The quantum dynamics of Josephson junctions with controlled current-phase relationships

There is rapidly expanding international activity on the development of electronic circuits which can be used as artificial atoms in that they possess a set of well defined quantum states. Such circuits are known as quantum bits (qubits) with applications ranging from quantum computing to measurement standards. These quantum states are extremely fragile (decohere readily), are most easily established at very low temperatures (<1K) and can be destroyed by sources of electronic noise in the environment or associated with the materials themselves. Superconducting materials have proved to be very sucessful for qubit fabrication and progress has been rapid with a number of approaches being demonstrated in recent years based upon Josephson junctions in superconducting loops.Qubit designs with significantly improved immunity to decoherence would extremely important to this field. There have been a number of designs for environmentally decoupled qubits based upon unconventional Josephson devices known as pi junctions. There are two main types of these: superconducting tunnel junctions which contain a ferromagnetic layer between the tunnel barrier and one electrode (SFIS structures) and junctions with a conventional superconductor as one electrode and a d-wave superconductor as the other (SND structures). The aim of this proposal is to carry out the key experiments which test their suitability for qubit applications. The two systems share many features common and so by investigating both in parallel, we will be able employ common experimental approaches, evaluate their relative merits and differences and to determine the overall feasibility of qubit designs which rely on pi junctions.

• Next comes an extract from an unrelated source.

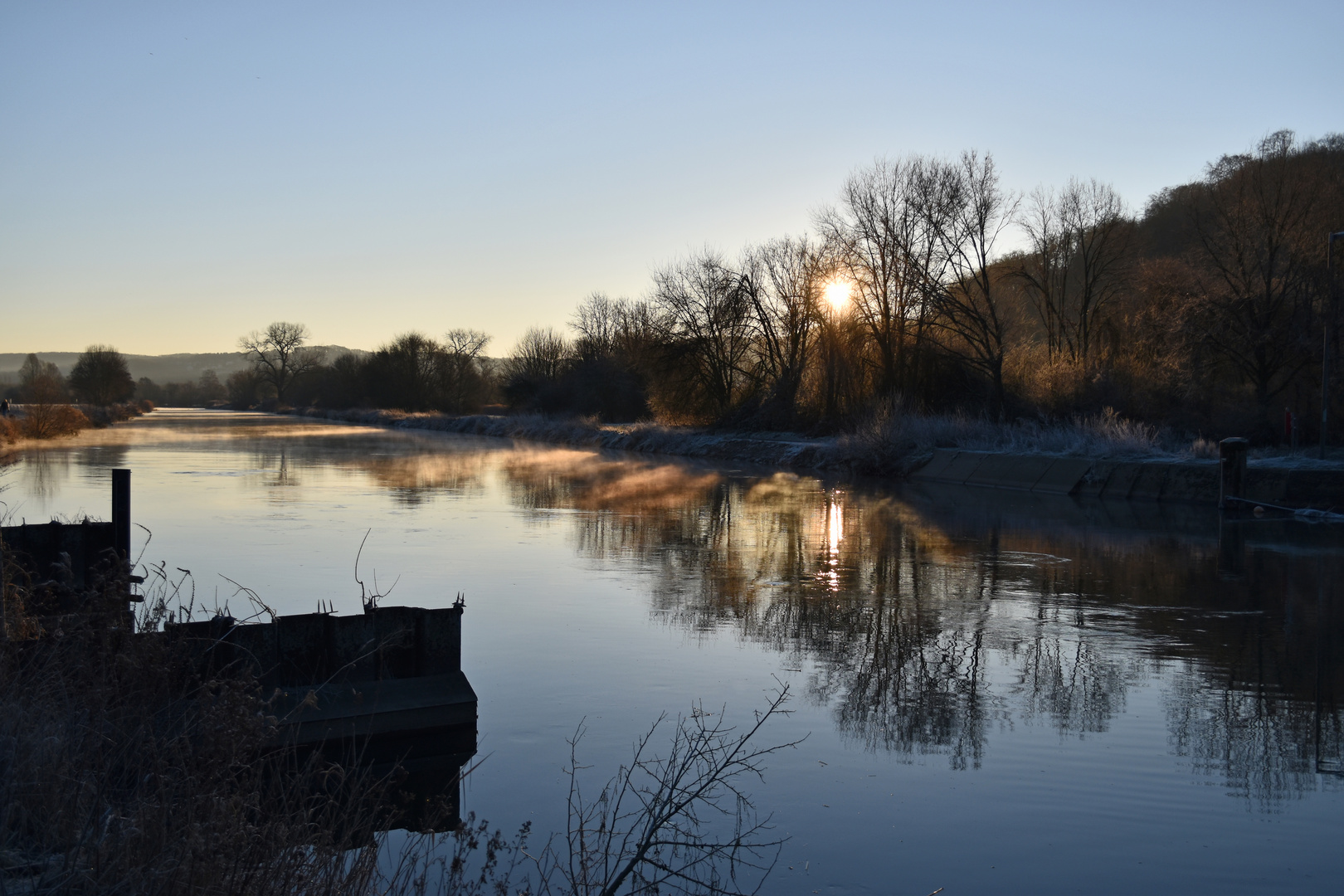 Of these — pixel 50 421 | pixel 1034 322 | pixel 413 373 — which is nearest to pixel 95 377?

The experiments will involve optimising both technologies for qubit applications, determining what junction designs give the most suitable pi junction behaviour, investigating potential intrinsic noise sources associated with the devices, investigating whether the junctions themselves develop well defined quantum states at low temperature and finally, using the results of the previous experiments to select a suitable qubit design and investigate its properties.The applicants are researchers at the Universities of Cambridge and Birmingham with a strong track record of the fabrication of superconducting devices from metallic and oxide heterostructures and measurements at temperatures below 1K, who are thus well placed to make a major impact in this area.